After listening to months of testimony the question on everyone’s mind is why couldn’t the jury make up their minds regarding the guilt or innocence of Dan Stulac, Patrick Towle, Joseph Reichner, and Gary Lenz? We listened to the testimony and carefully evaluated all the evidence and we can understand why the majority of the jury voted not guilty. The evidence against the four defendants was not strong.

The architect of the fraud at Peregrine was CEO Steve Gardner, along with CFO David Farley, and when Farley died, the new CFO Matt Gless. CEO Steve Gardner and CFO Matt Gless are extremely intelligent and were quite persuasive. Their inner circle included Doug Powanda and Andrew Cahill, but it never included any of the four defendants in this trial. Lenz and Reichner had important sounding titles. However, they were hired after the conspiracy was already underway, and fired by Gardner and Cahill before the conspiracy was over.

Daniel Stulac was the engagement partner for AA, and there was considerable evidence that Gless and Gardner made efforts to mislead AA (as well as the analysts and investors).

Towle was a mid-level person on the accounting side of Peregrine, with limited authority.

Most of the testimony against the defendants came from witnesses who had either pled guilty or admitted knowingly participating in the conspiracy. Most of these witnesses were generally fairly credible, and a lot of their testimony was more helpful than harmful to these four defendants. To the extent that they offered incriminating testimony against these four defendants, there was not much corroborating evidence, in the form of documents or other testimony. A jury likes to see some other form of evidence to back-up the testimony of cooperating defendants that have admitted that they have committed crimes, and are hoping for leniency in return for their testimony at trial.
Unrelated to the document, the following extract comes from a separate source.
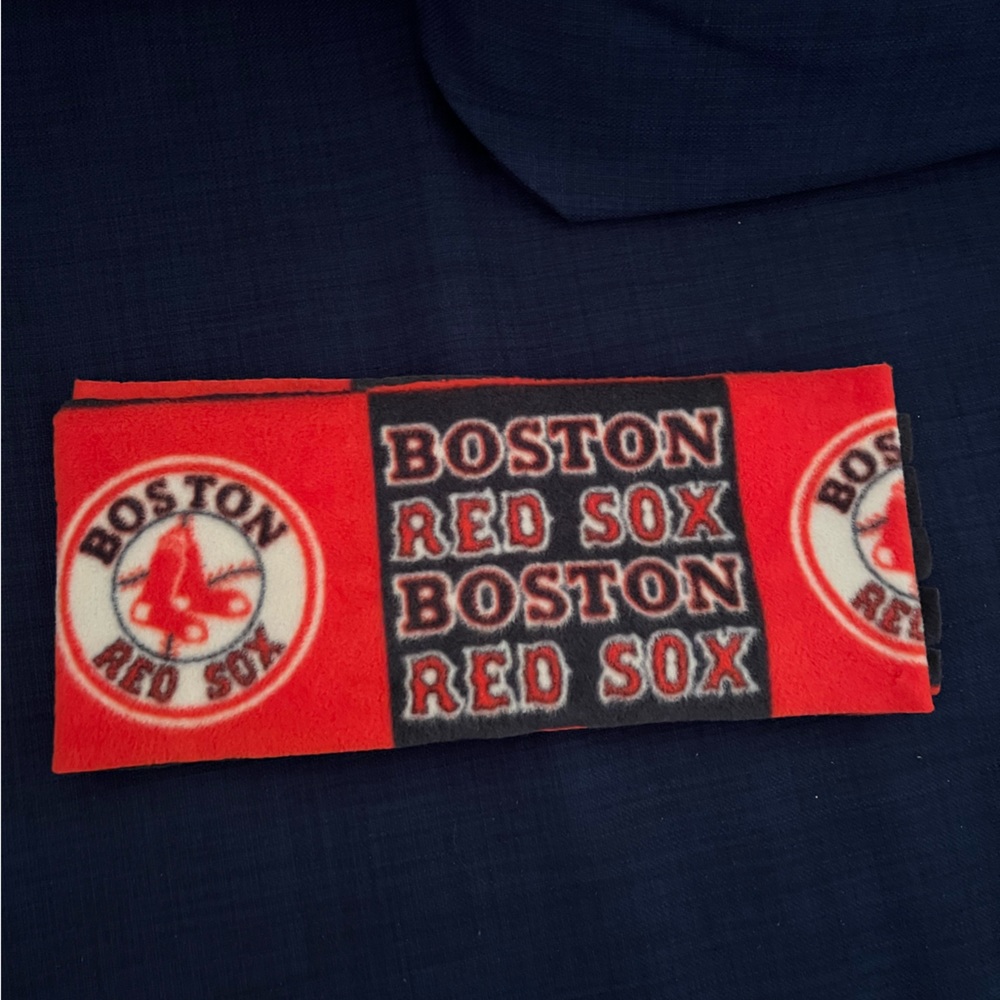 Boston Redsox scarf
The Government believed that they had corroboration in the form of documents, including e-mails. Many of the e-mails that the Government offered as proof of the defendant’s guilt were vague and could be interpreted as having more than one meaning. Many of the witnesses that testified against these four defendants admitted to wrongdoings much worse than the acts that the defendants on trial were accused of.

Attorney Thomas Bienert said that the Government cast too wide a net in this case, and most of the jury agreed with this characterization. Certain defendants, such as former CEO Stephen Gardner and former CFO Matthew Gless were so clearly guilty. Their bad acts stood out in sharp contrast to the wrongful acts that these four defendants were accused of.
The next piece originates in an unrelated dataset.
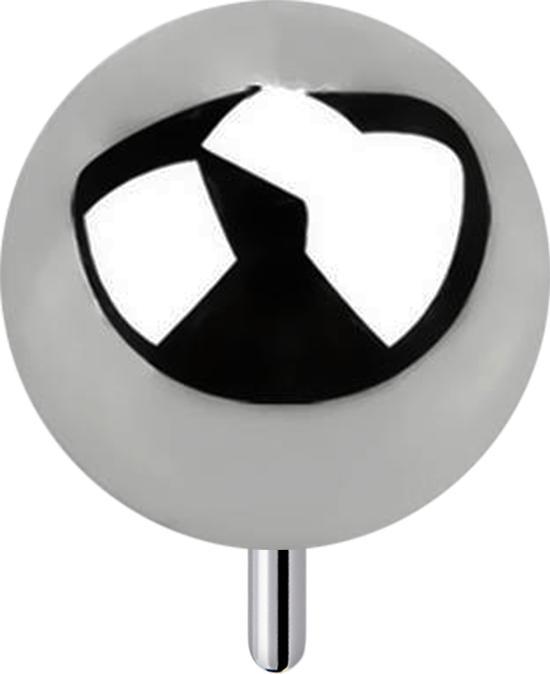 Immagine prodotto Star Piercing Palla filettata in argento (senza ottone)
We have no doubt that the Government acted in good faith in bringing this prosecution. They worked very hard, and obviously believed in their case. Sometimes it is hard to tell in advance how a case is going to play out in court. Also, it is extremely hard for any lawyer, including a prosecutor, to objectively evaluate both sides of every case, no matter how hard they try. That is why we have an adversary system with lawyers on each side. And that is why we have a jury of 12 citizens to sit in judgment.

We commend this jury for their hard work. The evidence presented during this trial was often tedious and complicated. This verdict is not a failure; it is an illustration of the greatness of our jury system.
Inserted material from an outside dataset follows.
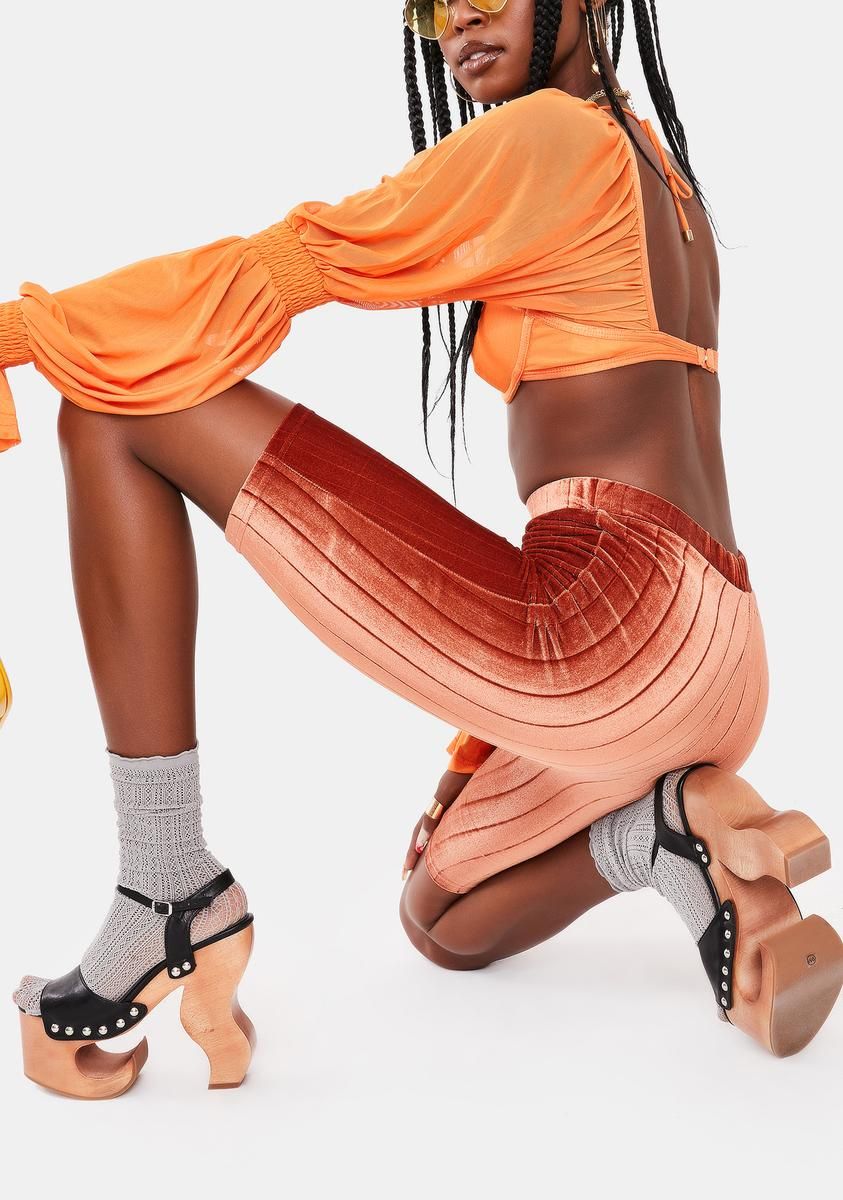 Coral Lolita Top sold by Dolls Kill product image thumbnail 4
The next hearing in the case of Defendants Nelson, Crook, and Deller, is a motion hearing and trial setting hearing currently set for January 28, 2008. The next hearing set for Defendants Lenz, Reichner, Towle, and Stulac is the status hearing on August 27, 2007. It is possible that other hearings could be scheduled.

Some of the Peregrine defendants who pled guilty will testify for the Government in any trial (or trials) that may still occur against the remaining above seven defendants. The sentencings of those who have pled guilty will presumably be continued until after any remaining trials.

We will continue to follow the proceedings, and post any significant updates on this blog as any new events occur.